Extracted records
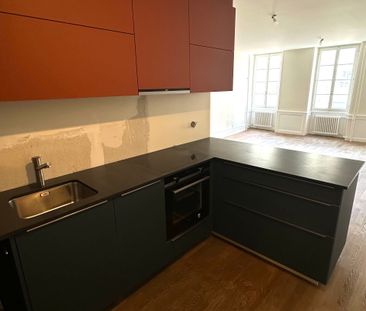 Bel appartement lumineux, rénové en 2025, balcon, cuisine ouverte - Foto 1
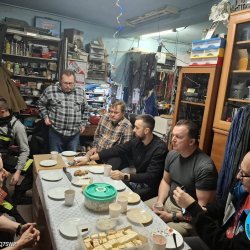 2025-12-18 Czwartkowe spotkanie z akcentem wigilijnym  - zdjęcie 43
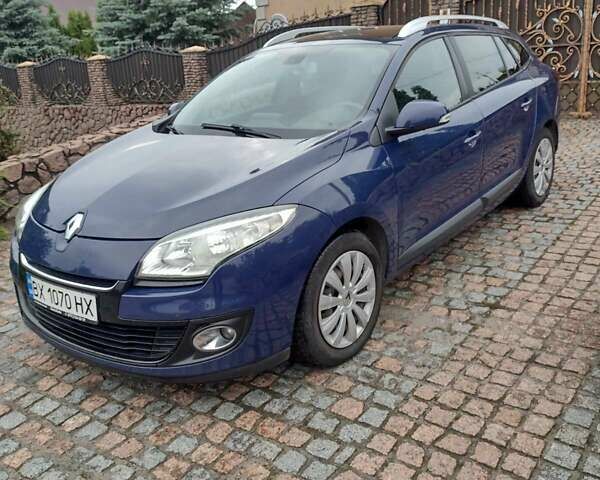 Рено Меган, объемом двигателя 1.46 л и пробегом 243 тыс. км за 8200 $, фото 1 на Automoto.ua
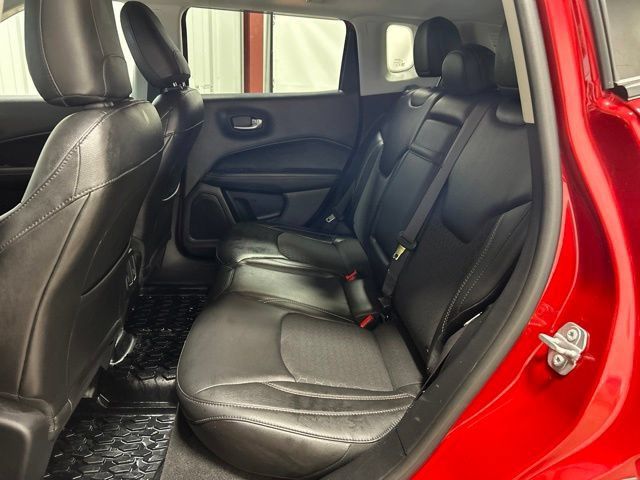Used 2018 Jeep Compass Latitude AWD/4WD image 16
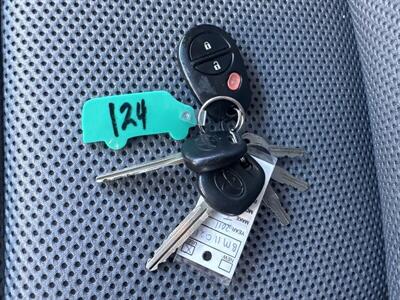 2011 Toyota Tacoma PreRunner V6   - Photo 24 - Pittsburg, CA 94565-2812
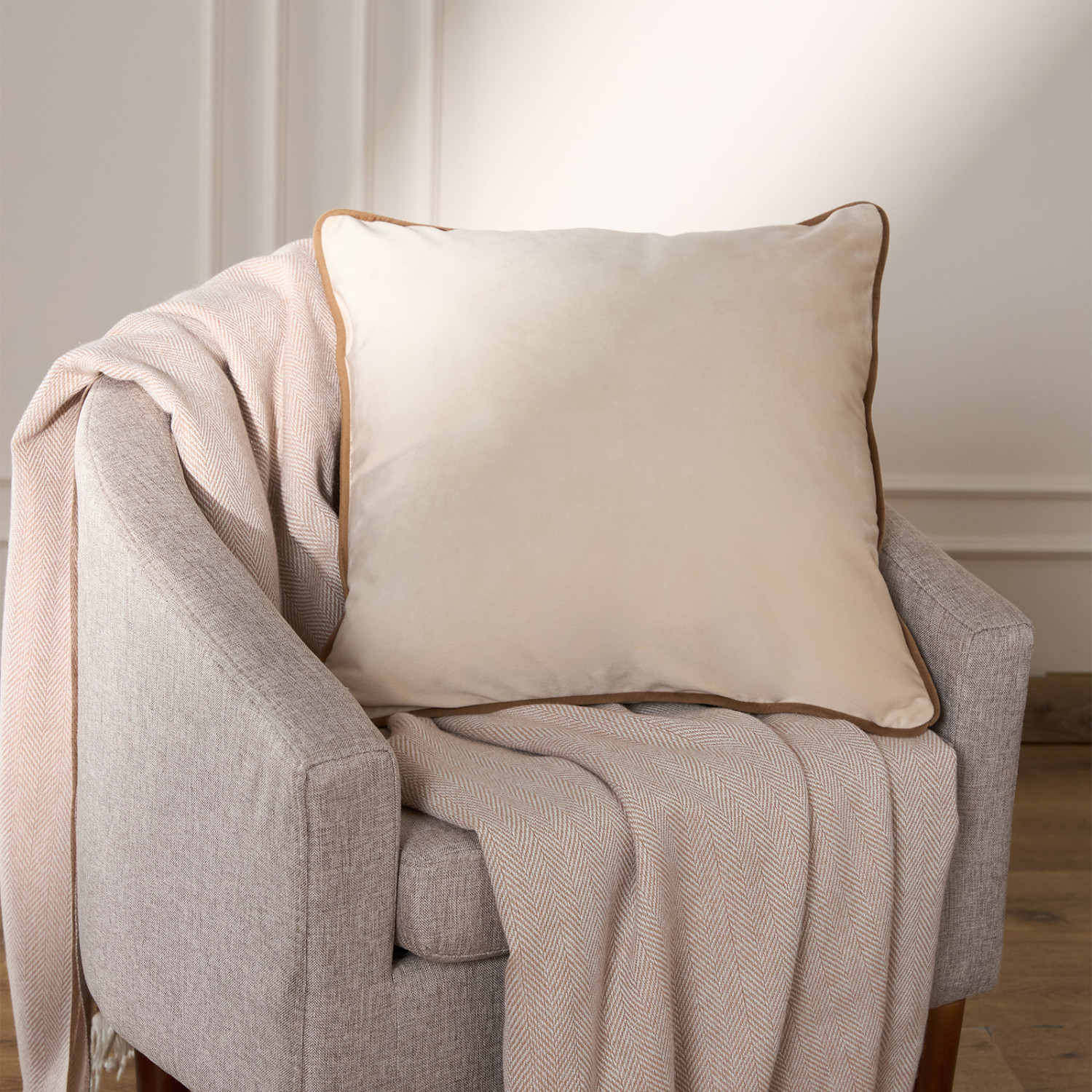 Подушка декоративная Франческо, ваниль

## Aim of the task
Each entry above is to be restated exactly, without its images.

## Response area
 Bel appartement lumineux, rénové en 2025, balcon, cuisine ouverte - Foto 1
 2025-12-18 Czwartkowe spotkanie z akcentem wigilijnym  - zdjęcie 43
 Рено Меган, объемом двигателя 1.46 л и пробегом 243 тыс. км за 8200 $, фото 1 на Automoto.ua
Used 2018 Jeep Compass Latitude AWD/4WD image 16
 2011 Toyota Tacoma PreRunner V6   - Photo 24 - Pittsburg, CA 94565-2812
 Подушка декоративная Франческо, ваниль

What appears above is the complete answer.